Major retailers like Walmart, 7-Eleven and Lowe's are asking customers to pay with plastic or use exact change whenever possible. Other stores are offering to load shoppers’ change onto loyalty cards or convert it into charitable contributions. Some have even asked customers to bring in coins they've accumulated at home and trade it for cash or a gift card.
"We haven't not given change yet,” says Kent Couch, owner of the Stop and Go Mini Mart and Shell station in Bend, Oregon. “We've managed to survive so far, but we don't know how much longer."
Couch's busy store, which does about 3,000 customer transactions a day, normally gets $700 worth of change from the local bank every week.
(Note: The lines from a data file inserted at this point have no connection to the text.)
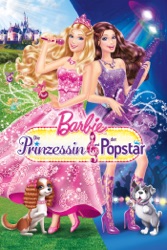 Barbie Prinzessin Und Der Popstar Ganzer Film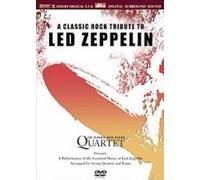 Led Zeppelin: A Classic Rock Tribute [DVD]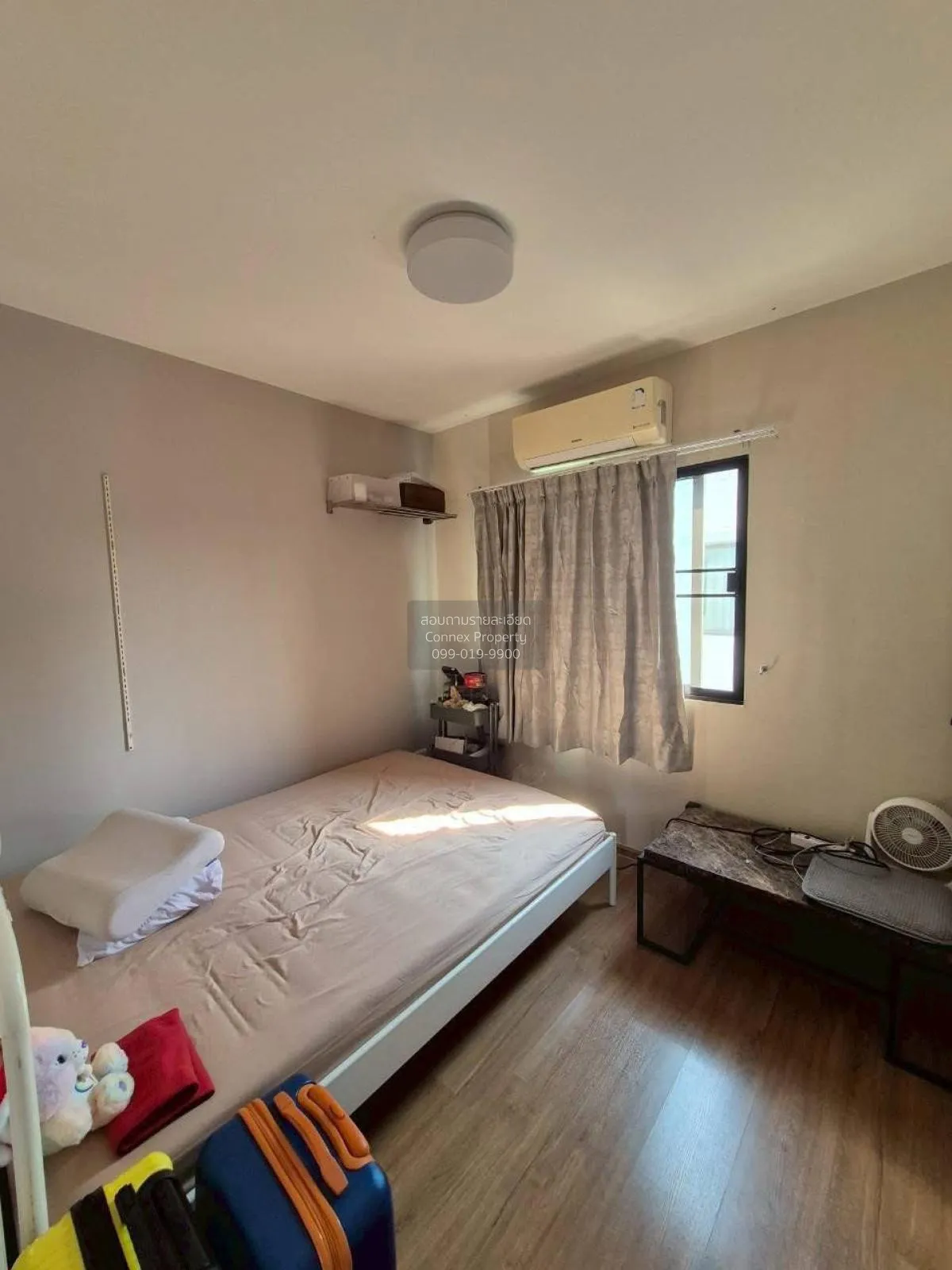 For Sale Townhouse/Townhome  , Pleno Chaiyaphruek , wide frontage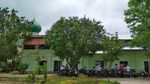 Potret Ramadhan di Pedalaman Thailand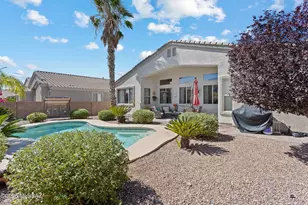 399 W Klinger Canyon Dr, Oro Valley, AZ 85755 - Photo 23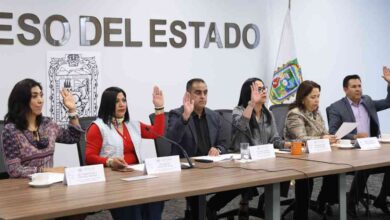 Congreso del Estado de Puebla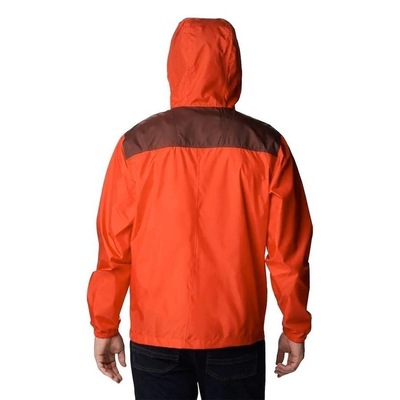 Jaqueta com Capuz Columbia Flashback Windbreaker - Masculino - Foto 2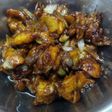 #127. Ayam Goreng Mentega Mantap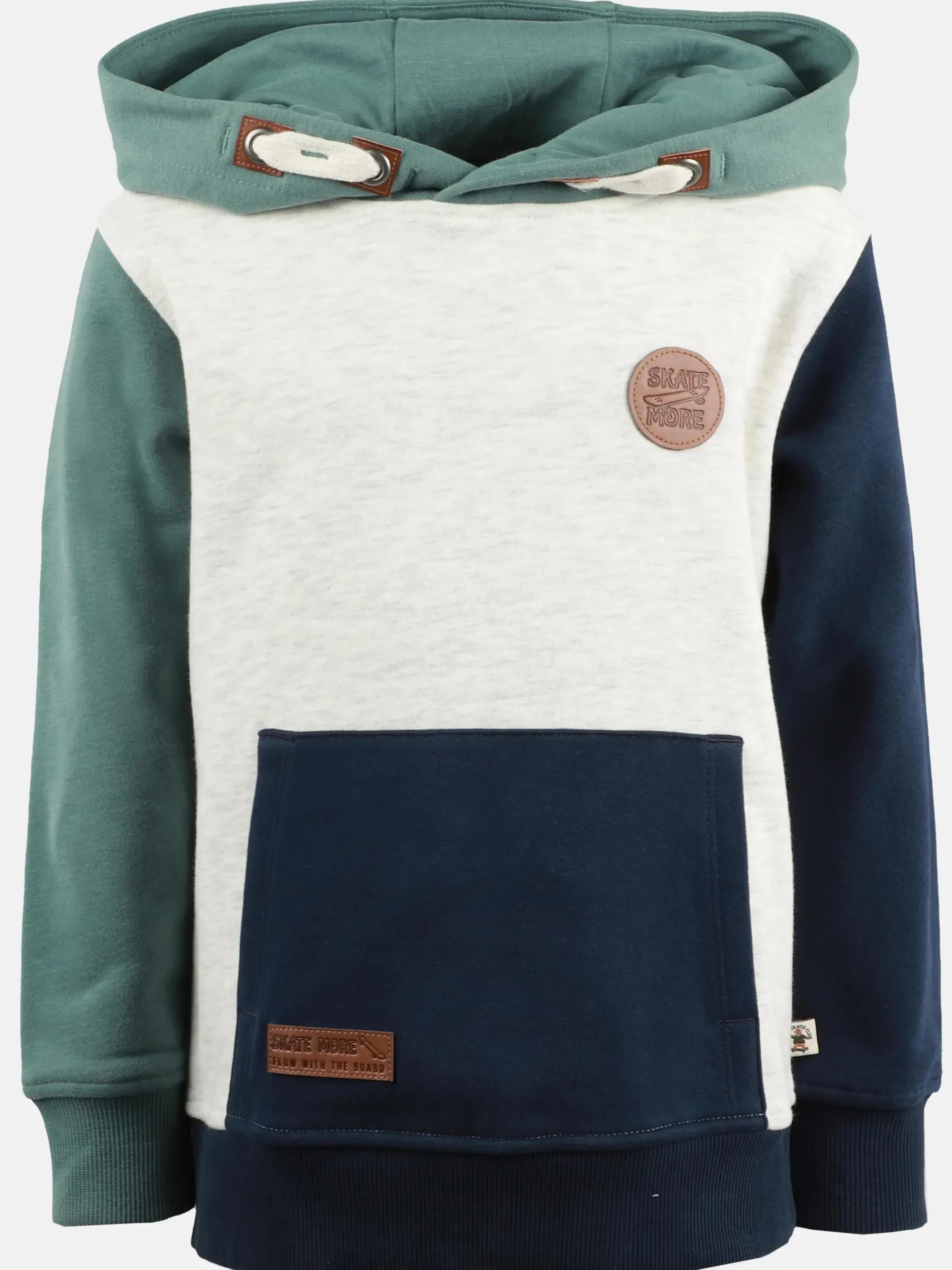 Jungen Hoodie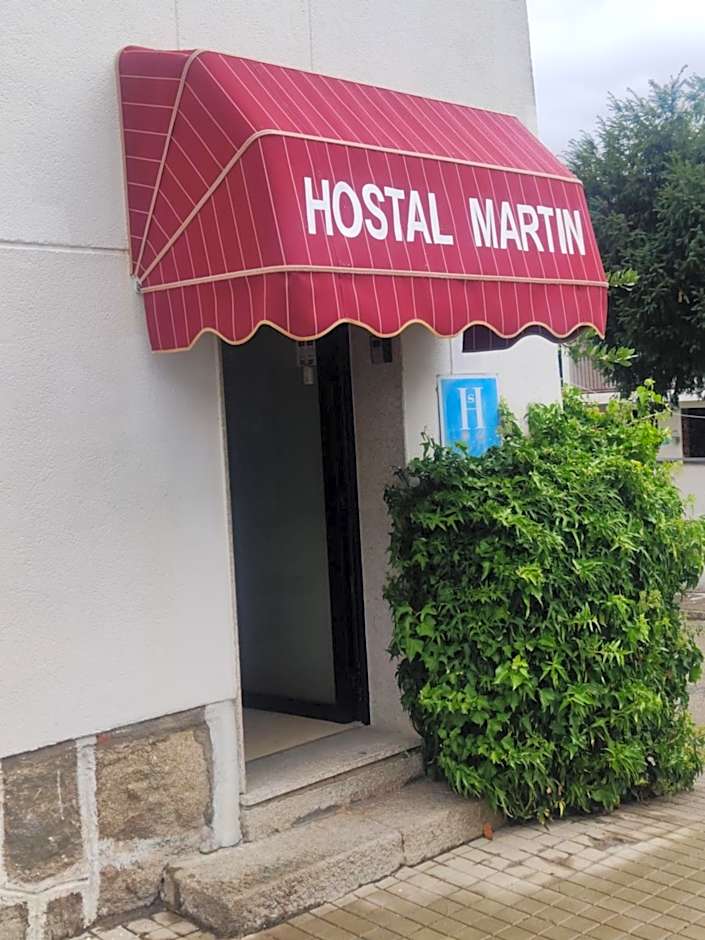 Hostal Martin - Sanabria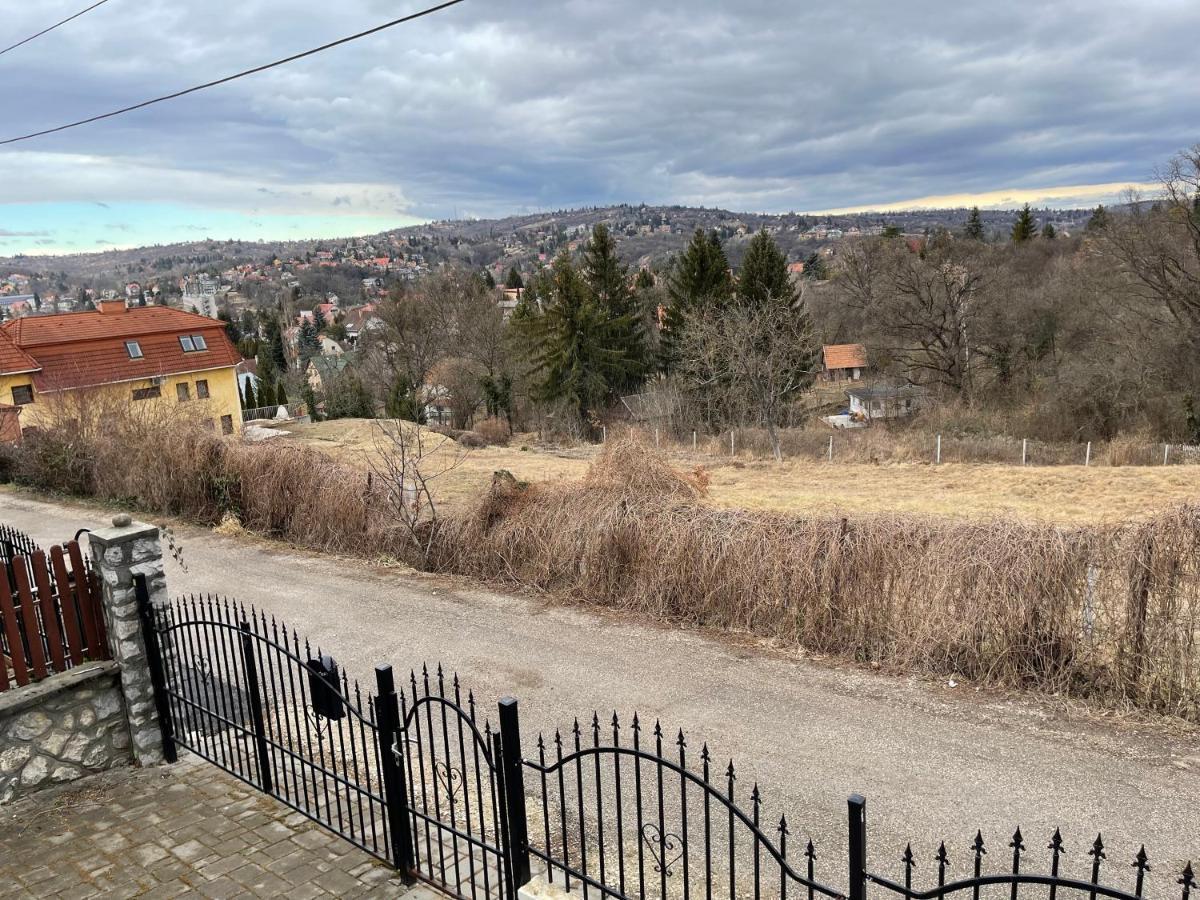 Malibu Apartman Miskolc Exterior foto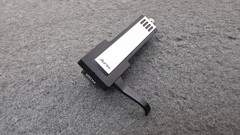 Aurex 250 MM Cartridge With Stylus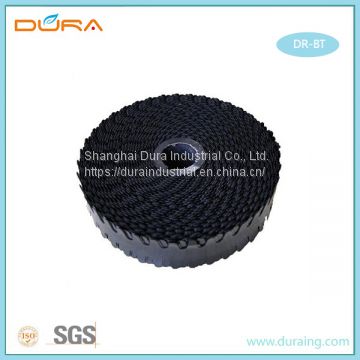 Black Color Tooth Type Acetate Film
But now, due to the shortage, he has to make a single roll of coins for each denomination last every day from Monday through Friday, which works out to $87.50 a week.
'A perfect storm'
Convenience stores have been particularly hard hit. About 40 percent of the 130 million in-store transactions they conduct each day are in cash, according to Jeff Lenard, vice president of strategic industry initiatives at the National Association of Convenience Stores.
Wawa, Pilot, QuikTrip and Speedway are among chains offering store credit or asking customers to round up bills for charity to limit change return, the association says. Some 7-Eleven stores are offering a free Slurpee to people who bring $5 in coins to trade for cash, the company said in an email statement.
"It was something that came along without warning,” Lenard says of the shortage. “We have heard from retailers who are saying that some of their stores are completely out of coins and others are within a day's supply."
It's not that there are suddenly fewer coins. There were an estimated $47.8 billion worth of coins in the national money supply in April, according to U.S. Mint spokesman Michael White. That's up from $47.4 billion in coins a year earlier.
The biggest problem is that not enough coins are in circulation. They normally cycle through the U.S. economy, going from stores’ cash drawers into the pockets and purses of consumers, who in turn spend them, take them to local banks or trade them for paper currency or gift cards at supermarket coin machines.